Task description:
Drop the pictures; give again exactly the lines from the one holding "PARTICIPA IXHUATLÁN DEL" through the end of the data.

Dataset excerpt:

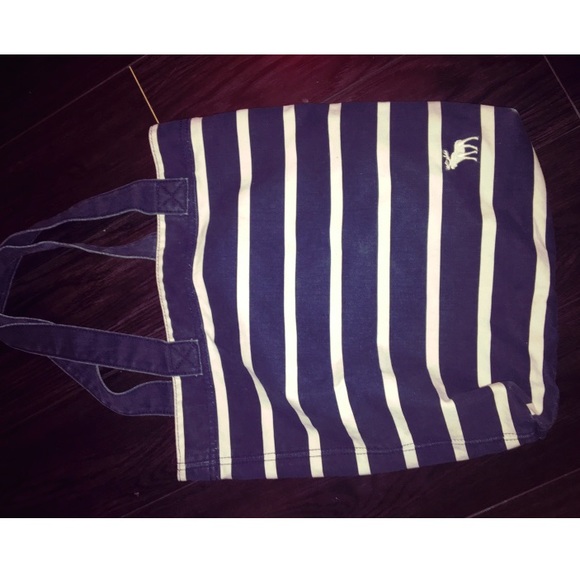 Abercrombie & Fitch bag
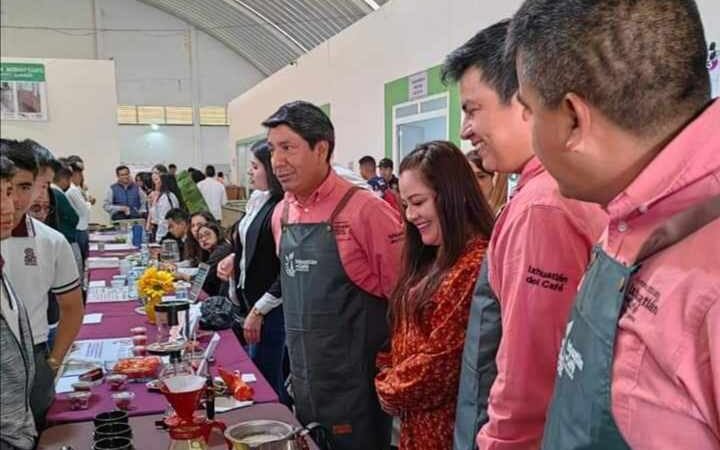 PARTICIPA IXHUATLÁN DEL CAFÉ EN FERIA PROFESIOGRÁFICA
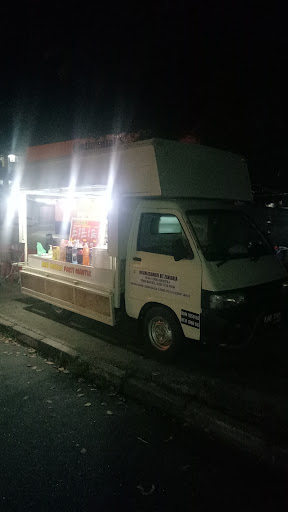 Khai burger berhantu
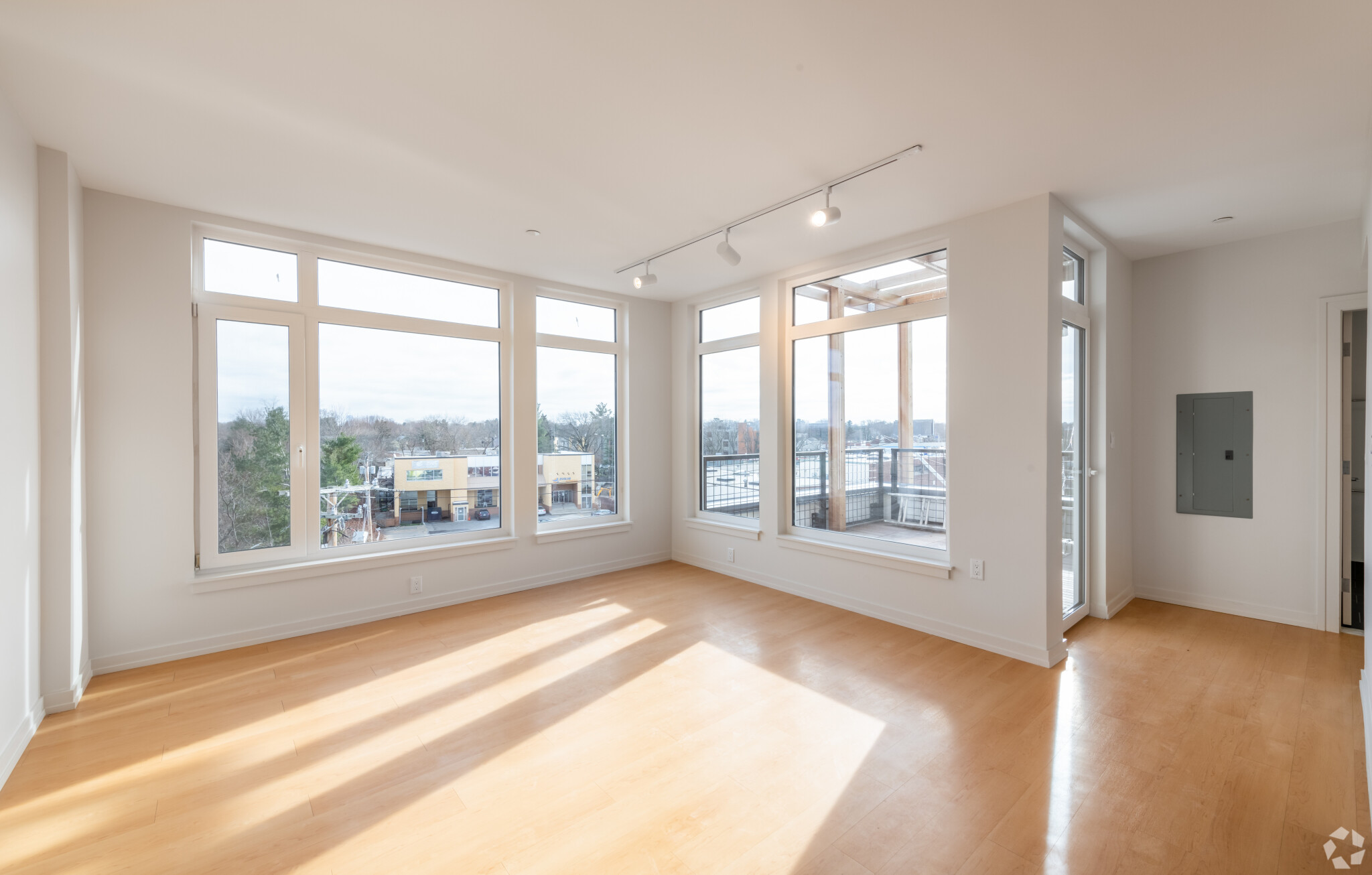 77 New St, Neighborhood Nine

Exercise result:
 PARTICIPA IXHUATLÁN DEL CAFÉ EN FERIA PROFESIOGRÁFICA
 Khai burger berhantu
 77 New St, Neighborhood Nine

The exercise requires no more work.